▸ Problem details:
Transcribe every line of the material below without change, apart from dropping the pictures.

▸ Available data:
* * * *
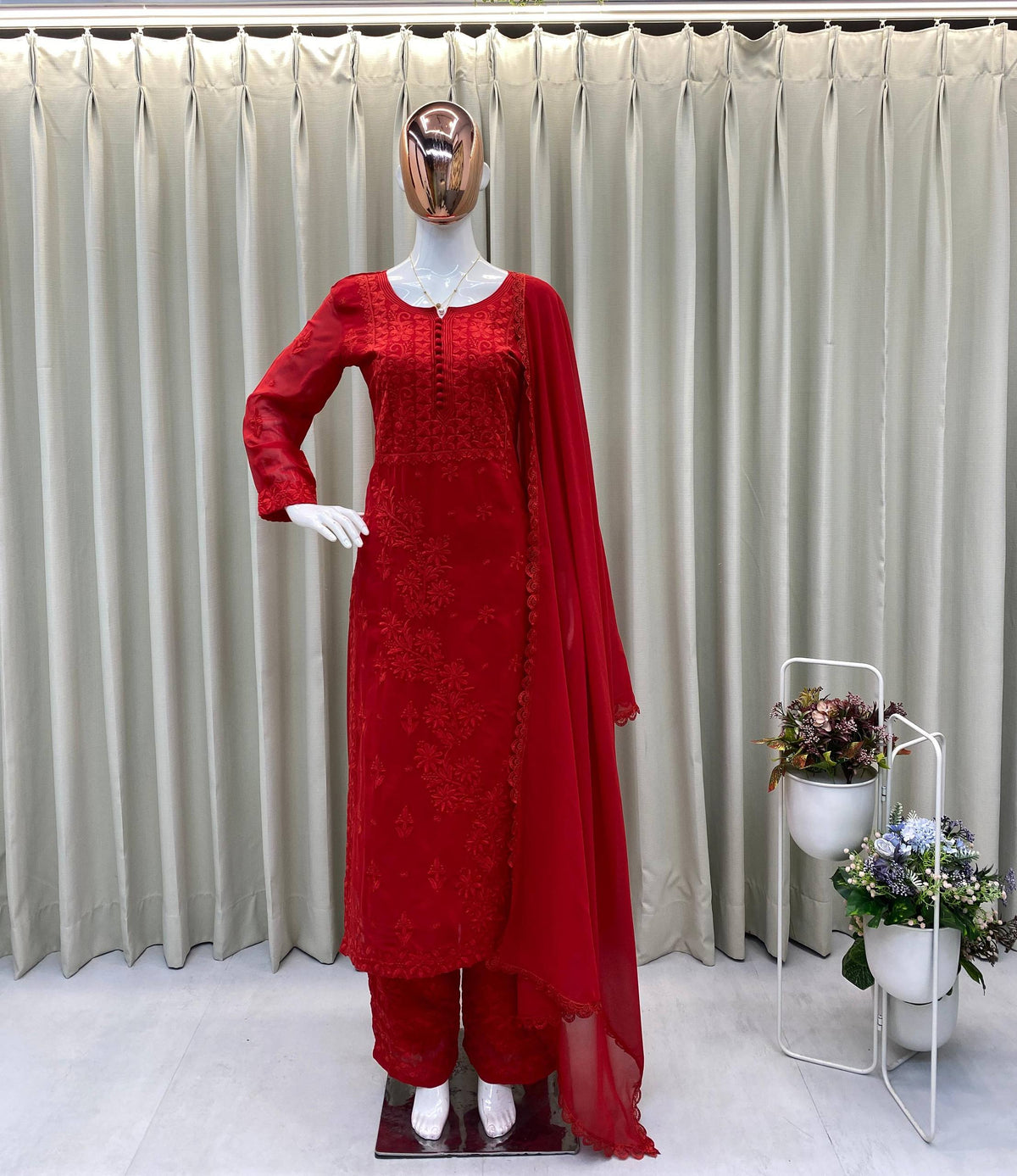 Designer Wear Exclusive Georgette Embroidered Suit With Dupatta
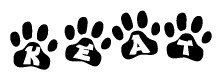 The image shows a row of animal paw prints, each containing a letter. The letters spell out the word Keat within the paw prints.
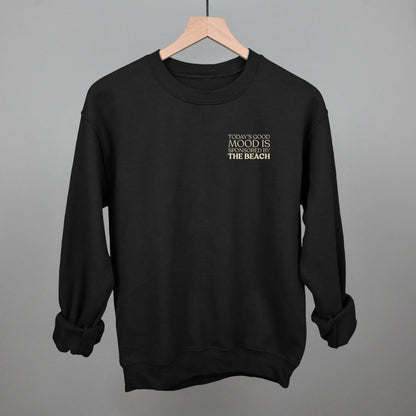 Good Mood Sponsored By The Beach graphic crewneck sweatshirt in Black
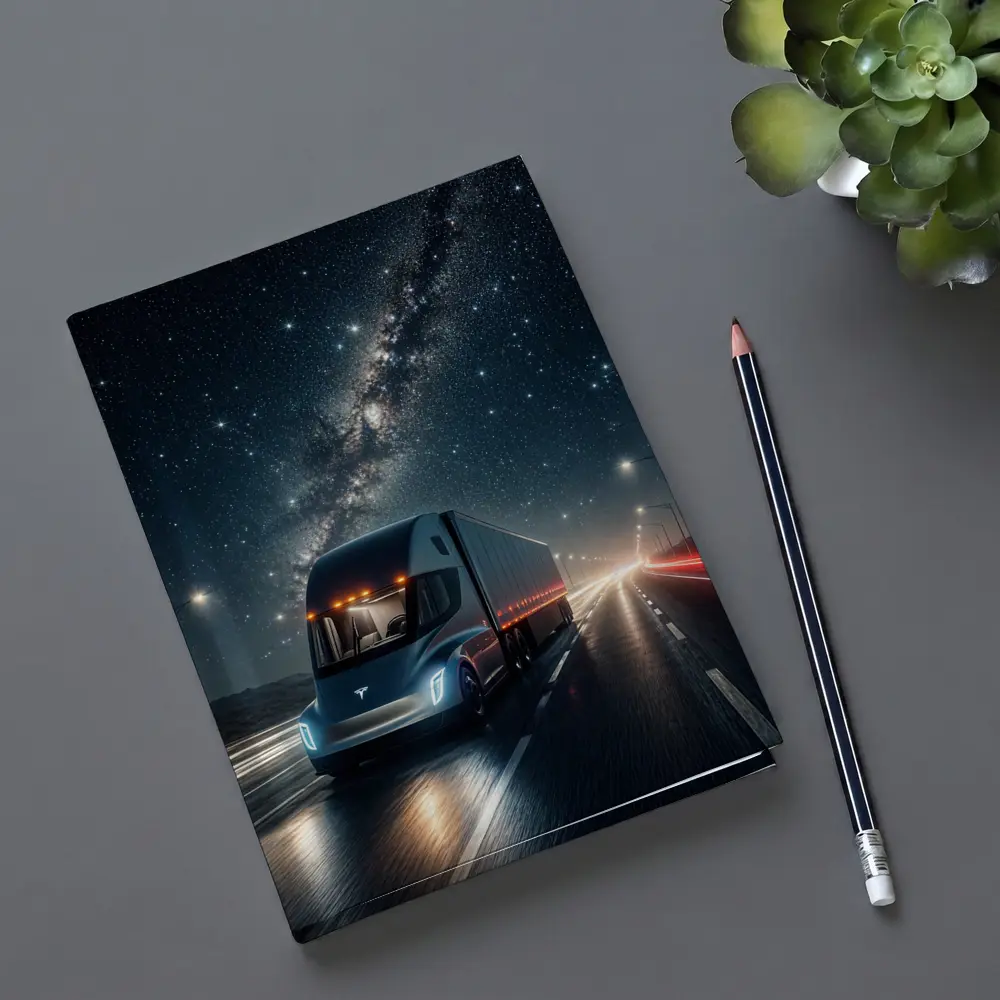 Tesla Semi Truck Driving Under Starry Night – Notebooks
* * * *
▸ Exercise answer:
 Designer Wear Exclusive Georgette Embroidered Suit With Dupatta
 The image shows a row of animal paw prints, each containing a letter. The letters spell out the word Keat within the paw prints.
 Good Mood Sponsored By The Beach graphic crewneck sweatshirt in Black
 Tesla Semi Truck Driving Under Starry Night – Notebooks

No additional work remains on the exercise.